The Company experienced negative product margins for the three and nine 
months ended September 30, 1997 due to low production volumes which prevented 
the Company from absorbing all of its fixed manufacturing costs.


                                       11
<PAGE>

CYGNUS, INC.
September 30, 1997


    RESEARCH AND DEVELOPMENT EXPENSES for the quarter ended September 30, 
1997 were $5.4 million, compared to $6.0 million for the quarter ended 
September 30, 1996 and were $16.4 million for the nine months ended September 
30, 1997, compared to $16.9 million for the nine months ended September 30, 
1996. Research and development and clinical activities primarily include the 
glucose monitoring development program, the support of the Company's hormone 
replacement therapy products (one of which, FemPatch, was launched in 
September 1997 and two of which are in clinical trials) and a contraception 
product. While current levels are consistent with the prior year, Cygnus 
anticipates that the development of new products, continued research of new 
technologies and preparation for regulatory filings and clinical trials will 
result in an increase in its overall research and development expenses.

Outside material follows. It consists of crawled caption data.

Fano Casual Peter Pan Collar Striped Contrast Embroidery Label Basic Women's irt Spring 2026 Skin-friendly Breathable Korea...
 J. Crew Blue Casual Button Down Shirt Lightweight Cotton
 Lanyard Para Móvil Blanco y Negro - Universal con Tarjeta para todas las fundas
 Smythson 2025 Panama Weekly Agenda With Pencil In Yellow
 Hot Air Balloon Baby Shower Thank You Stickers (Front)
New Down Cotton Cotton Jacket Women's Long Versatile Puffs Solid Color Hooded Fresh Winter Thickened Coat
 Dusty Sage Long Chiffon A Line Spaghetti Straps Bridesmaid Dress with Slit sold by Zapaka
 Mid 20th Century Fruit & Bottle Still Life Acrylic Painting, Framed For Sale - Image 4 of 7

    MARKETING, GENERAL AND ADMINISTRATIVE EXPENSES for the quarter ended 
September 30, 1997 were $2.2 million, compared to $1.5 million for the 
quarter ended September 30, 1996 and were $6.1 million for the nine months 
ended September 30, 1997, compared to $6.9 million for the nine months ended 
September 30, 1996. The decrease for the nine months ended September 30, 1997 
primarily reflects decreased professional fees associated with the Company's 
legal proceedings involving Sanofi. The Company expects that marketing, 
general and administrative expenses will increase in the future as the 
Company expands its operations.

    ARBITRATION SETTLEMENT EXPENSE AND CORRESPONDING ACCRUALS for the quarter 
and nine months ended September 30, 1997 consists of a $39.6 million 
non-recurring arbitration settlement expense, of which $23.0 million is 
long-term. Under the terms of  the settlement, Cygnus (i) will pay Sanofi 
$14.0 million in cash, (ii) will make royalty payments of between 6.5% to 
8.5% of any and all net sales of two products, which are subject to minimum 
payments in an aggregate amount equal to $17.0 million, commencing in 2001 and 
ending in 2005, whether or not any net sales of the two products have 
occurred, and (iii) will issue a convertible promissory note in the principal 
amount of $6.0 million payable in full at the end of four years and bearing 
interest at 6.5% per annum. The note will be convertible into the Company's 
Common Stock at Sanofi's option, exercisable at any time during the four year 
term, at a conversion rate of $21.725 per share. Overall, Cygnus' 
non-recurring expenses attributable to the arbitration settlement recorded in 
the three months ended September 30, 1997 totaled $39.6 million, of which 
$23.0 million is long-term. 

    INTEREST INCOME, NET OF INTEREST AND OTHER EXPENSE for the quarter ended 
September 30, 1997 was $0.3 million, compared to $0.2 million for the quarter 
ended September 30, 1996 and was $0.9 million for the nine months ended 
September 30, 1997, compared to $1.2 million for the nine months ended 
September 30, 1996. The decrease for the nine months ended September 30, 1997 
is due primarily to higher interest expense associated with the Company's 
June 1996 $8.0 million bank loan agreement for short-term working capital. In 
addition, interest income earned has decreased in conjunction with the 
decrease in the cash and cash equivalents balance.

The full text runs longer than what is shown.